Westleigh was locked in for a year of Bosnian, Serbian and Croatian classes at the Defense Language Institute, and the program was rigorous, to say the least.
“It’s five days a week, eight-hour days,” Westleigh said. “You do all your other military stuff before or after school. You have homework every single day. So you’re probably putting in a good nine to 10 hours of language-related work every day, five days a week.”
And these aren’t your average high school language classes. They’re all-encompassing and extremely in-depth, covering reading, writing, listening and speaking the language.
“They also integrated learning about the actual culture and the countries of the languages that you were learning,” Westleigh said. “It helps to understand the cultural aspect of things, especially the further away from our normal American westernized version of thinking things work.”
The final week or two of his year at the Defense Language Institute, Westleigh said things got even more intense. It was called “full immersion training,” and all of the students of a particular language and their teachers would live together in a hotel of sorts on base. They weren’t allowed to speak English the entire time.
“It’s just communicating and living [in the language],” Westleigh said. “You have little events, you cook, so it’s as close as you can come to full immersion without actually having to go to any country.”
The Real World
Upon completion of their Defense Language Institute courses, Westleigh and his classmates were tested on their reading, writing and speaking ability in their new language. To make sure they were keeping up with the language, they were re-tested in reading and writing every two years for the remainder of their military service.
Cryptologic linguists work in signals intelligence — intercepting and analyzing communications between people or electronic signals, whether they be from radio transmissions, phone calls, wireless internet communications, electronic weapons systems or anything else — and specifically in gathering and interpreting communications in other languages.
Despite spending a year mastering Bosnian, Serbian and Croatian, Westleigh was deployed to Iraq.

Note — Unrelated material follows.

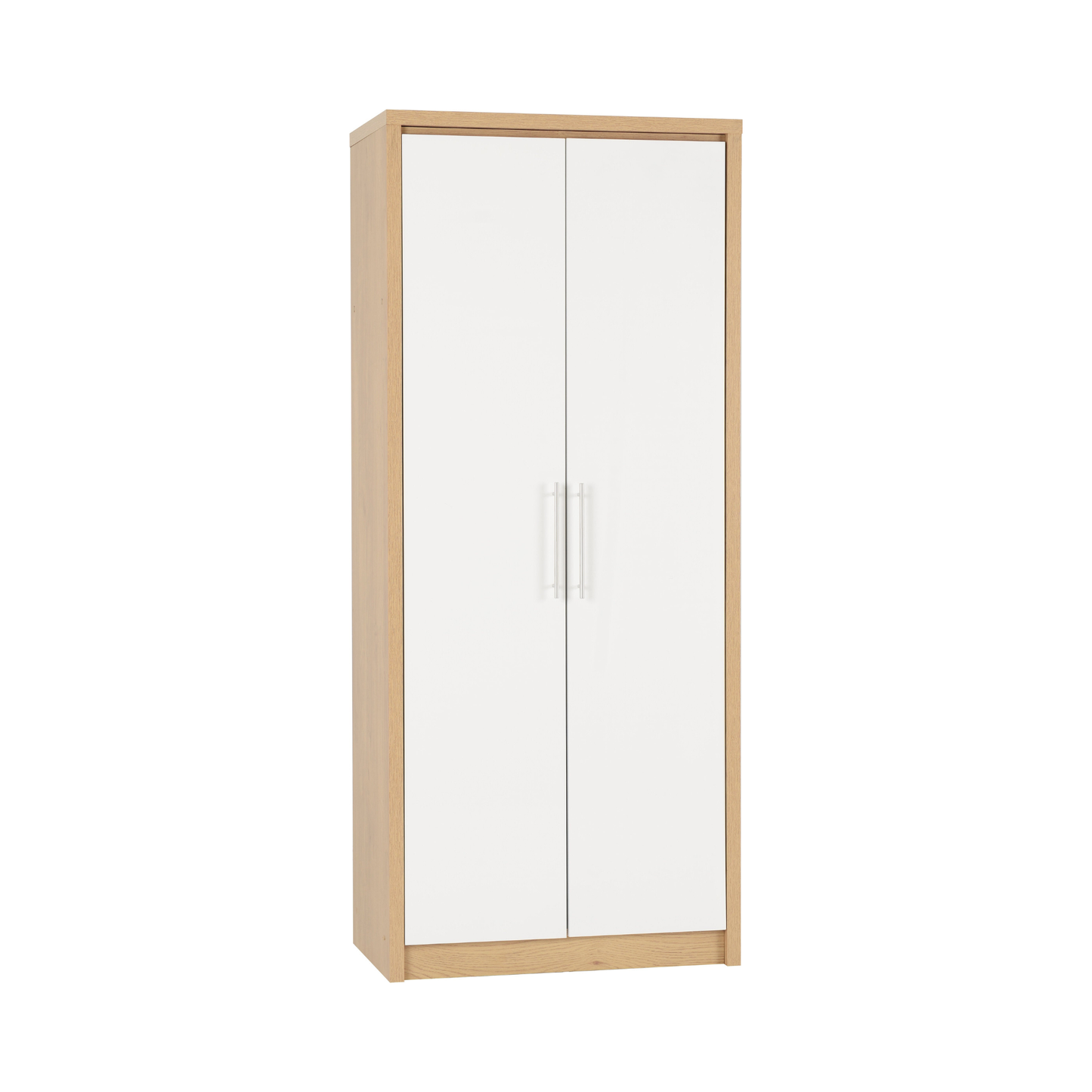 Seville Bedroom Set - White Gloss/Light Oak Effect Veneer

Twice.
“I was on a team of individuals who were mostly made up of linguists,” Westleigh said. “One year, it was myself, two Russian linguists and two Arabic linguists. [The Arabic linguists] were doing the general listening and translating of things, but everybody is trained in the job of collecting and or disseminating the information as needed, and then sending it back to the analysts, who would be doing longer-term analysis of any intelligence collected.”
So Westleigh was using his skills in intelligence gathering, but what about the language he’d worked so hard to learn?

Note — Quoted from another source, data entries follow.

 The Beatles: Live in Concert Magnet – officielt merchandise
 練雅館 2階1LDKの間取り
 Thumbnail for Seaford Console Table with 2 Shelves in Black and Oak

“I talked to some Serbian truck drivers I met in Iraq,” he said, with a laugh. “But that was the extent of using it for my job.”
Additionally, Westleigh remembered his language skills coming in handy when he traveled to Croatia with a few friends.
“There’s not that language barrier,” Westleigh said. “It’s nice to be able to interact with [the locals] without them having to default to something that maybe they aren’t as comfortable with.”
Back To Civilian Life
Westleigh left the military in 2008. He never really got to use his language skills for work, but the time he spent at the Defense Language Institute wasn’t entirely wasted. His interest in language learning had been piqued, and he chose to study more at the University of Wisconsin-Madison, in part because of their extensive and well-known language program. He studied Spanish there and said his previous language-learning experience helped him in this new endeavor.
“Learning another language was definitely a little bit easier, already having those rules and how they work in your head. And of course, the grammatical structure of Spanish is so much simpler than any of the Slavic languages,” Westleigh explained.
He added that he learned a lot about English grammar through his Bosnian, Serbian and Croatian studies.
Westleigh currently works in law enforcement, serving as a lieutenant for the Federal Reserve, and his division is exploring language-learning options for its employees. He’s not sure what his future career path looks like, but if language is involved, he’ll certainly have a leg up.